Categorie: Terza Pagina

Trinacria, due leggende all’origine dell’antico nome della Sicilia

Le leggende che spiegano l'antico nome della Trinacria nome sarebbero ben due. In entrambe la Sicilia emerge come terra d’abbondanza e dalla grande forza.

Raffigurata sullo stemma della Regione, sul suo letto di colori (il rosso e il giallo), la Trinacria è conosciuta in tutto il mondo come il simbolo per eccellenza della Sicilia. Curiosa e stravagante, questa effigie è, tuttavia, avvolta dal mistero e il suo legame con la terra siciliana affonda le radici nella mitologia più che nella storia. Sono ben due, in effetti, le leggende che riguardano la Trinacria e la investono di significati misteriosi e di fantasia.

Com’è ben risaputo, lo stemma della Sicilia è un’immagine composita, ricca di diversi elementi che si fondono l’uno con l’altro per creare una simbologia univoca. Al centro dell’immagine spicca immediatamente la testa di Medusa, da cui si dipartono dei lunghi capelli fatti di serpenti intrecciati a spighe di grano. Dal centro verso l’esterno, poi, tre gambe si piegano al livello delle ginocchia, restando sempre ben collegate alla testa della Medusa.

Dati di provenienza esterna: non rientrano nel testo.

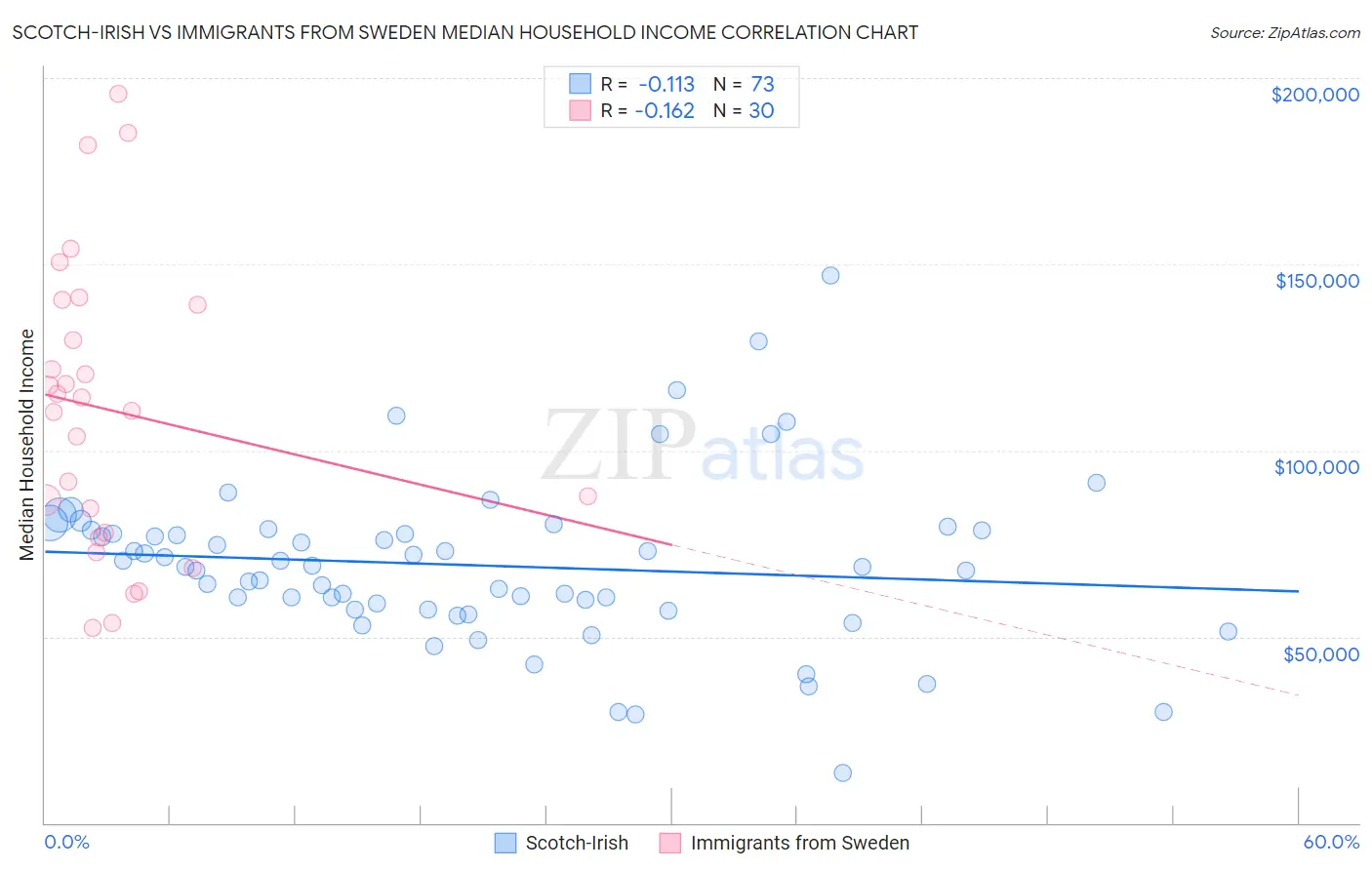 Scotch-Irish vs Immigrants from Sweden Median Household Income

Medusa: la terribile Gorgone

Ed è proprio questo elemento, il capo di Medusa per l’appunto, che collega la Trinacria a questa celebre e conosciutissima figura mitologica. Medusa è, infatti, uno dei personaggi più famosi della mitologia greca, da cui viene tratteggiata come un essere terrificante e implacabile. Figlia di Forco, divinità del mare, e Ceto, mostro marino dalla storia tormentata, Medusa è una delle tre Gorgoni, la sorella non immortale di Steno ed Euriale. Le Gorgoni erano da tutti temutissime per le loro terribili capacità. Esse erano in grado, infatti, di tramutare in pietra qualsiasi uomo avesse l’ardire o la sfortuna di guardarle negli occhi.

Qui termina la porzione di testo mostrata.